There would be no reruns this time around as Sadowl delivered the game’s biggest blow.
“Lately, we have been working so well together as a team, and I knew we would find a way eventually,” Sadowl said.  “If it wasn’t me – I knew it was going to be someone else.
“The captains got us all fired up knowing how much we wanted this game. We just went in and did everything we could. Melissa did a good job of starting it by getting on base right away.”
South coach Jenn Robinson wasn’t second guessing her decision to load the bases, although she acknowledged it put her team in a tough spot.
“We had our outfield playing in – we had to,” the Titans’ coach said. “These games are going to come down to things like sacrifice bunts, hits in clutch situations with two outs.
“If you think about it, when we played them the first time, we were winning 1-0, and they tied it up in the seventh. They’re good hitters. Sadowl came up, and she hadn’t had a great game. We took a chance and walked the two girls before her, and she stepped up just like Kelly Culp stepped up in the top of the seventh.
“You have a team that can hit top to bottom, and big players make big plays when it counts. Our players did the same thing. It’s just the timing.”
The Hatters could have hung their heads going into the bottom of the seventh after watching a 2-0 lead evaporate in the top of the final inning, but Spinosa made sure they didn’t, opening the bottom of the seventh with a single that got past the outfielder, allowing her to advance to second base.
“All I was trying to do was get on base and make something happen,” the Hatters’ lead-off batter said. “I knew our three-four hitters were coming up, and I just had to get on base, and they would hit me in.
“I was just trying to make contact and get on base.”
When Chrissy James laid down her second sacrifice bunt of the game, Spinosa – who represented the winning run – was on third with one out, and sometimes it’s the little things that make all the difference.
“If Chrissy didn’t do that, I would have been on second, but that moved me around,” Spinosa said. “Those things help a lot.”
Earlier, the Hatters jumped out to a 2-0 lead. They plated a single run in the third. Julie Wambold – who doubled and moved up to third on an error – scored on Danielle DiFilippo’s suicide squeeze. In the fourth, Spinosa doubled and moved up to third on a sacrifice by James, and Wambold followed with an RBI single.
Down but not out, the Titans battled back in the seventh. With one out, Morgan Decker drew a walk, and Haileigh Stocks stroked a double to the fence in left center.
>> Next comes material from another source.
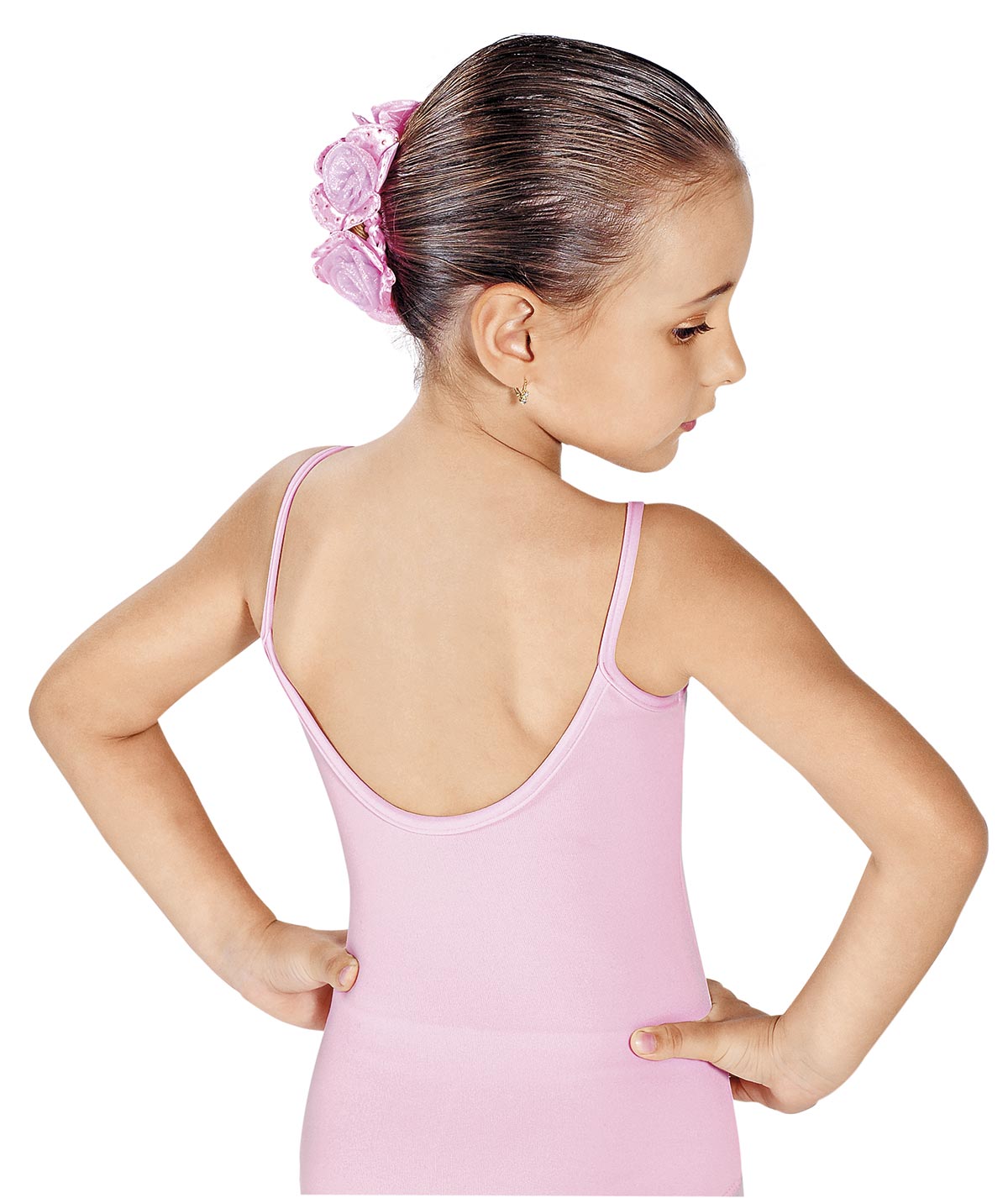 Girls Front Pinch Basic Cotton Leotard - Navy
A popup to short for the inning’s second out was only a temporary reprieve as Kelly Culp – who is 4-for-6 against the Hatters in the two games combined – delivered a single that plated a pair.
That tie was short-lived as the Hatters answered with the game winner in the bottom of the inning.
Maggie Shaffer earned the win for the Hatters, allowing five hits while striking out eight and walking one.
With Fran Carrullo absent from Wednesday’s practice because of illness, Robinson gave the starting nod to Stocks, who went the distance.
The Hatters close out their regular season on Monday when they will travel to North Penn.
“We’re still going to come out fired up,” Sadowl said.
The Titans, meanwhile, return to action on Friday when they will host Souderton. The two teams are deadlocked in second place in the conference standings with identical 9-3 records.
Souderton 2, North Penn 1
The Indians, according to coach Courtney Hughes, have been onto something magical recently.
“Coach T (Bob Tybring) and I were talking, and we said there’s definitely just magic this year,” the Indians’ coach said. “The girls have so much confidence, and they don’t give up.
“It’s different people stepping up and just knowing we can do it as a team.”
Stepping up for the Indians on Thursday was junior Lauren Urbanski, who – with a runner on second, two outs in the seventh and the Indians trailing 1-0 – lofted a towering drive over the center field fence for a walk-off home run that stunned the Maidens and sent the jubilant Indians into a frenzy.
“My coach always tells me to lay off the high ones, but I saw my favorite high one, and I just swung, and it was gone,” Urbanski said. “I felt it right off the bat.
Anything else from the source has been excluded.